Carnevaleide e vecchie maschere

Senza il manifesto del Questore nessuno s'accorgerebbe d'essere in pieno Carnevale, anzi che il Carnevale trovasi agli sgoccioli delle sue tramontate pazzie. Non maschere vistosi sgargianti costumi in esibizione nelle vetrine e nemmeno clamori in falsetto di mascherotti nelle strade. Persino l'allegra corsa studentesca sembra non abbia luogo. Sia pure; nessuno se ne lagna. C'è ben altra carne al fuoco!

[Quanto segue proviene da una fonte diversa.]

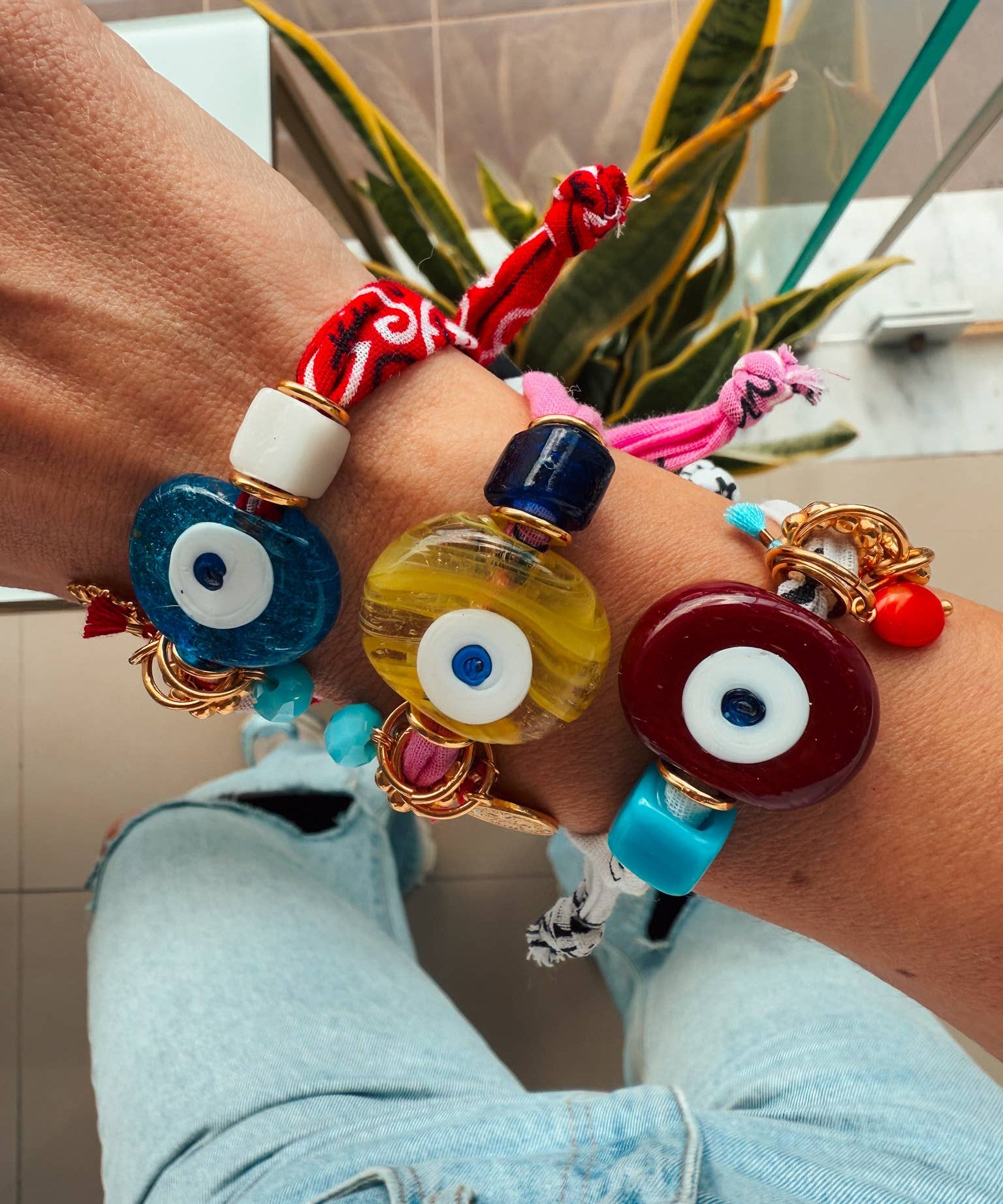 Goupi Aegean Blue Evil Eye Bandana Bracelet – view 2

Tuttavia c'è chi ricorda come il Carnevale ebbe nella città nostra anni di vero splendore, al tempo in cui Milano furoreggiava con i suoi Carnevaloni e un poco per tutte le città d'Italia si avevano mascherate imponenti per genialità e fasto. È dal 1886 – cinquant'anni giusti or sono – che ebbero inizio a Savona i veri Corsi Mascherati con carri grandiosi e mascherate a piedi numerosissime e indiavolate. Precedentemente soltanto qualche trovata individuale o di comitive o i soliti malinconici Pendelafico e Toni; ma niente di organizzato e di veramente bello.

Con i Corsi Mascherati, presero voga pure i Veglioni. Tutta la settimana grassa e i due ultimi giorni c'erano veglie mascherate, che culminavano in quella del giovedì grasso indetta dalla Fratellanza Operaia; il cosidetto Veglione degli artisti, a cui prendeva parte il fior fiore della città.

Ma allo stesso modo di molte iniziative cittadine, anche i Corsi Mascherati subirono alternative d'alti e bassi per mancanza d'uomini e di mezzi adeguati e miseramente finirono per affogare nelle rivalità meschine. Comunque ne sopravvive il gaio ricordo e v'è chi possiede tutt'ora fotografie dei carri genialissimi e artistici del Merani, del Pinetto Garassini, del Maccagno e di tanti altri, degni sotto ogni aspetto di rivaleggiare con quelli dei corsi d'altre città famose per le loro feste carnevalesche.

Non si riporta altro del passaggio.